Approche – Programme

QU’EST-CE QUE L’APPROCHE-PROGRAMME ?

L’approche-programme, c’est un modèle d’organisation de l’enseignement dans les programmes d’études qui repose sur deux piliers (Prégent, Bernard, & Kozanitis, 2009) :

  • un projet de formation discuté et partagé par l’équipe enseignante. Ce projet est basé sur le profil de sortie des étudiants au terme de leur formation. Il constitue un but commun à atteindre pour l’équipe.
  • un état d’esprit collégial parmi les personnes qui contribuent au programme. Elles communiquent entre elles, se concertent et collaborent pour atteindre leur but commun.

Ce modèle s’oppose à celui de l’approche-cours, soit le modèle plus traditionnel d’organisation des programmes de formation universitaire.

Dans une approche-cours, chaque enseignant conçoit ses cours de façon individuelle. Chacun n’a pas forcément une vision des finalités du programme, ni une vue d’ensemble des éléments qui le composent. Les programmes conçus selon cette approche consistent bien souvent en une juxtaposition d’enseignements cloisonnés.

 

« L’approche-cours est au patchwork ce que l’approche-programme est au tapis persan »

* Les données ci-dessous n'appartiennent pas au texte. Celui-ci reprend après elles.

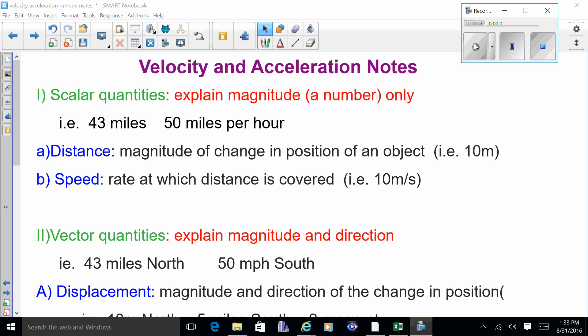This is a lecture about velocity and acceleration notes. Before we go outside and run the 40-yard dash, I want you to have all these notes down, so you can stop the recording and write everything down and I'll go through and explain it all for you. This is also going to be the first page of the test.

(Sylvestre & Berthiaume, 2013, p. 105)

 

Cette métaphore est utile pour percevoir la différence entre les deux approches.

Dans une approche-cours, chaque enseignement est conçu isolément et indépendamment des autres. La formation des étudiants peut donc prendre l’aspect d’un patchwork, sans fil conducteur. Il arrive que des enseignants se consultent et se coordonnent, mais il s’agit d’initiatives personnelles et non d’un mode de fonctionnement établi.

Appliquons maintenant à l’approche-programme la métaphore du tapis persan.

Dans un premier temps l’équipe enseignante imagine collectivement le « motif » à produire : il s’agit du profil de sortie des étudiants.

Puis, elle décide de façon collégiale de la manière de « tisser ce motif » : elle se concerte pour décider, par exemple, de la structure du programme et des actions à privilégier pour atteindre le profil de sortie visé.

Enfin, l’équipe travaille en synergie pour permettre à chacun d’apporter les « fils de couleur » nécessaires – autrement dit les contributions des différents enseignements du programme.

Bref, dans une logique programme, « le tout est supérieur à la somme des parties » (Roegiers, 2012, p.98).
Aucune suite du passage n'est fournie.